Instead of trying to automate a task with the help of robots, the more interesting question is how to make the transition from human work towards robotics smooth. The idea is, that the automation works with substeps which can be climbed like a ladder. In the low level, the robot is remote controlled. That means, a human operators gets a joystick and has to control the robot arm like a crane. This kind of interaction takes is not very efficient but it works. The human worker is able to do with the robot all sorts of tasks. He can grasps objects, manipulate objects and can recover from failure.
In the next step the automation level is a bit higher. This time, the remote controlled robot gets a semantic annotation. Which means, that some sort of execution monitoring is available which is able to detect how many pick&place actions the human worker has mastered in one hour. The system also detects, if the human operator has made a pause and the robot arm is doing no operation.
Both automation level are easy to achive from a technical perspecitve. Programming a robot so that it accepts manual joystick movements and count how many objects were moved is not very complicated. The next step is to increase the automation level even more into the direction of semi-automatic movement. The idea is, to support the human operator, so that he is able to do the task with less effort. This kind of real automation is much harder to realize.
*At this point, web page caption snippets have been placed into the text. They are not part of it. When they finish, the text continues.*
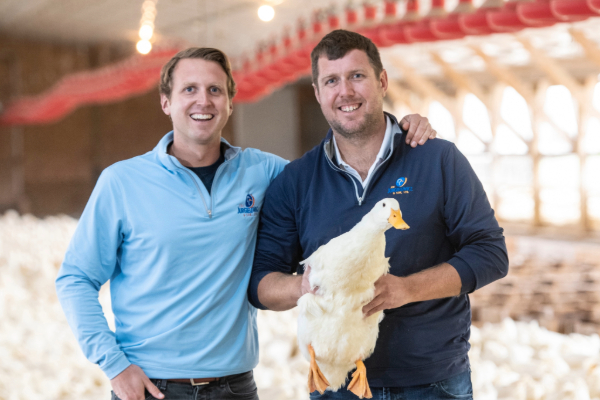 Two men, one holding a large white duck, smile.
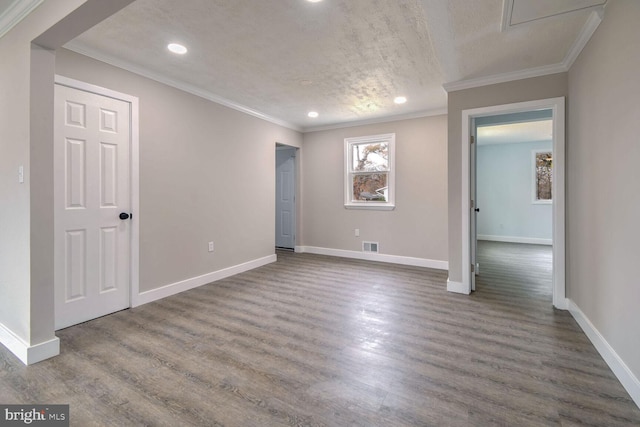 unfurnished room with hardwood / wood-style floors, a textured ceiling, and ornamental molding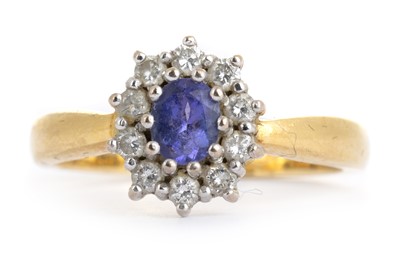 Lot 403 - TANZANITE AND DIAMOND RING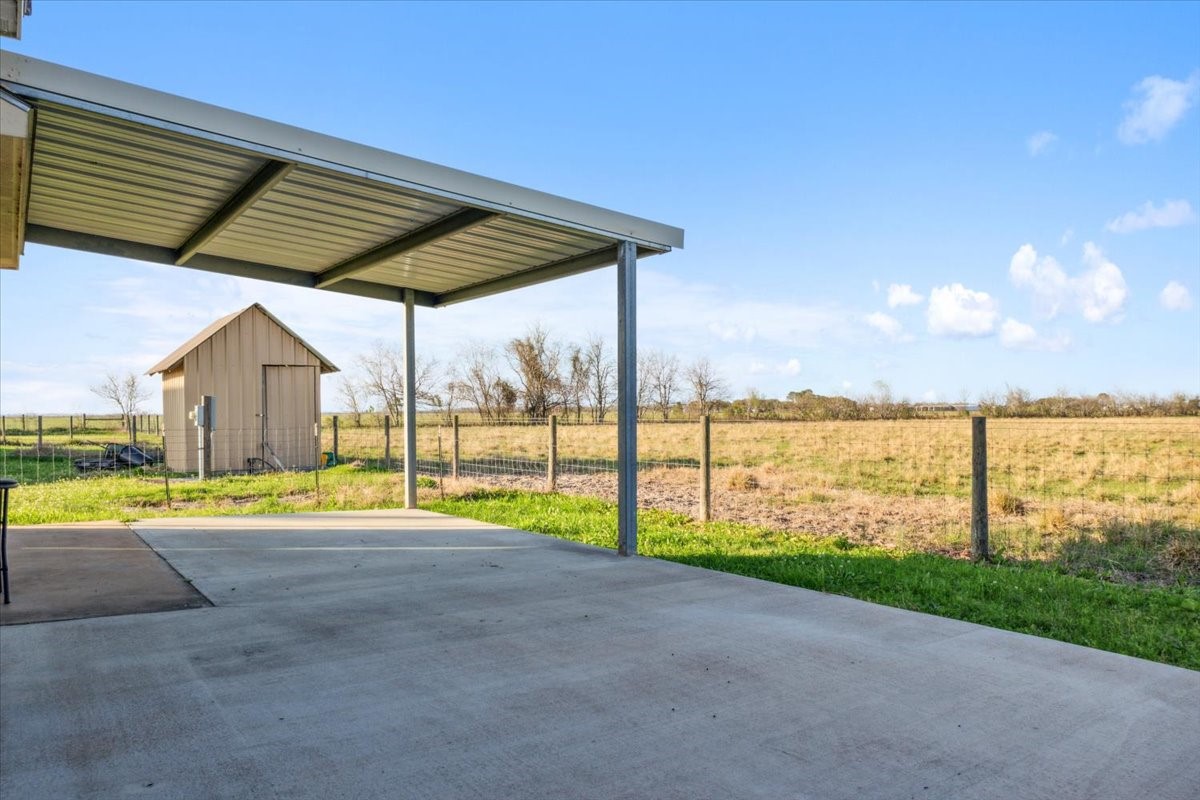 2407 Thuesen Road Beasley, TX 77417 - Photo 31 of 34 a view of a swimming pool with a yard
Perhaps it's impossible because the technical problems are to much.
Perhaps it make sense to go a step backward and describe what the first two mentioned automation are about. Controlling a robot arm with a joystick and monitoring the execution transforms a pick&place task into a game. The game is about reaching a virtual score by moving the joystick forward and backward. The exciting question is, in which moment the user has to active which action?
The good news is that from a formal perspective the task is equal to create a non player character. That is a computer software which can play a game without a human user. The npc character determines the next action autonomously. Such an NPC user is able to control the joystick movements by itself. The problem is, that the movements of a robot arm are equal to a complicated game. The amount of decisions is high. The game is more complicated than a simple chess game. According to state-of-the art robotics literature the best practice method in solving such games is a task- and motion planner. This is a hierarchical planner which works on two layers. In the higher symbolic level the game is formalized in a task language for example with the STRIPS notation, while in the lower motion layer, the game contains of trajectories.